About this task:
From the entries below, return exactly the lines beginning at the one that contains "Primary Photo - 2401 C Perdernales" and ending at the one that contains "1972 Sarah Conventry", both of them included, and only those lines.

◇ ◇ ◇ ◇

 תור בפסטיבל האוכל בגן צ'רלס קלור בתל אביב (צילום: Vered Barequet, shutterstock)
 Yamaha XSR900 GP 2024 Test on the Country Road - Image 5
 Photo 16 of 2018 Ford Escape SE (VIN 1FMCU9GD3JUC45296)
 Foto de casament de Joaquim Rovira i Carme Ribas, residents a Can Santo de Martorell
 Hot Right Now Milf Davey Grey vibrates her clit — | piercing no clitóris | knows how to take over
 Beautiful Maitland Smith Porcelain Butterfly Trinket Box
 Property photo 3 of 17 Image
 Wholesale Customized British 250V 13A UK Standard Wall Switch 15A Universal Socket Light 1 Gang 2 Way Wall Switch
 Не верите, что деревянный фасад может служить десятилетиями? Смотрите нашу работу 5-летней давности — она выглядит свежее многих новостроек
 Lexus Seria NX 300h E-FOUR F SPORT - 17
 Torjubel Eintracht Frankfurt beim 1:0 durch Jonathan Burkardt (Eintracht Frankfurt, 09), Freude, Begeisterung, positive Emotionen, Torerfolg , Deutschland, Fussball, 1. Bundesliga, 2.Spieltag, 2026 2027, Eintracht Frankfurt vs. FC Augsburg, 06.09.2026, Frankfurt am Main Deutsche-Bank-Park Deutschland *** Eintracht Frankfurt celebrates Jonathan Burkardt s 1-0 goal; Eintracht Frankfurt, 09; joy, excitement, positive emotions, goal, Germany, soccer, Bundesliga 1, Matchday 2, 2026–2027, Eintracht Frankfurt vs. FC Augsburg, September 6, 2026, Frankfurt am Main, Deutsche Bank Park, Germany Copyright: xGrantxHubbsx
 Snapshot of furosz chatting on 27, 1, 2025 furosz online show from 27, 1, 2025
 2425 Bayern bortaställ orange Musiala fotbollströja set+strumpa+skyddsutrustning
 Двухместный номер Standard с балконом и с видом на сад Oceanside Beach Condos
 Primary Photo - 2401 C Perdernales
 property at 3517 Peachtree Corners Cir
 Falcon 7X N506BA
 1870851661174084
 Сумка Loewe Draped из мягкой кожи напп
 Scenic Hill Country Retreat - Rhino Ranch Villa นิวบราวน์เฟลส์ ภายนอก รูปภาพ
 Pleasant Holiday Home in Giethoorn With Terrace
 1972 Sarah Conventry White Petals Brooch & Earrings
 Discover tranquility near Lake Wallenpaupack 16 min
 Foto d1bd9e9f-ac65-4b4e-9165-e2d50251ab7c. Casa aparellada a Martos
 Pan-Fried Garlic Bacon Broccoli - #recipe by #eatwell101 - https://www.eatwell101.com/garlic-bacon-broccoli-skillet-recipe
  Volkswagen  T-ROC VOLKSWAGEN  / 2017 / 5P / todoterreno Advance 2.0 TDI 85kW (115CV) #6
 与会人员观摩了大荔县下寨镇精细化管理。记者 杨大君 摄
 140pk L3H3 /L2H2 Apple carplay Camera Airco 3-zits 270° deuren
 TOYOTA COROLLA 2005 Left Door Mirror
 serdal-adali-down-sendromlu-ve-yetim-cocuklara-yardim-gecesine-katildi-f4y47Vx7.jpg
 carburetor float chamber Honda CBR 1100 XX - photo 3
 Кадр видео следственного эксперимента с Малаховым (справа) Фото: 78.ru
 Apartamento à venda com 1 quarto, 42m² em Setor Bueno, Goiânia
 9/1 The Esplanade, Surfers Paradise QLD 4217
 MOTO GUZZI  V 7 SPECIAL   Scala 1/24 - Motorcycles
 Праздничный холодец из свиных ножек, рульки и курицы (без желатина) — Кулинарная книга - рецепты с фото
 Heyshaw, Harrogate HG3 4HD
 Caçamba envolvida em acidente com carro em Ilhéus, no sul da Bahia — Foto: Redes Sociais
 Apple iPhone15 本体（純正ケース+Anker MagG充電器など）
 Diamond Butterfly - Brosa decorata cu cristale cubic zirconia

◇ ◇ ◇ ◇

Result of this exercise:
 Primary Photo - 2401 C Perdernales
 property at 3517 Peachtree Corners Cir
 Falcon 7X N506BA
 1870851661174084
 Сумка Loewe Draped из мягкой кожи напп
 Scenic Hill Country Retreat - Rhino Ranch Villa นิวบราวน์เฟลส์ ภายนอก รูปภาพ
 Pleasant Holiday Home in Giethoorn With Terrace
 1972 Sarah Conventry White Petals Brooch & Earrings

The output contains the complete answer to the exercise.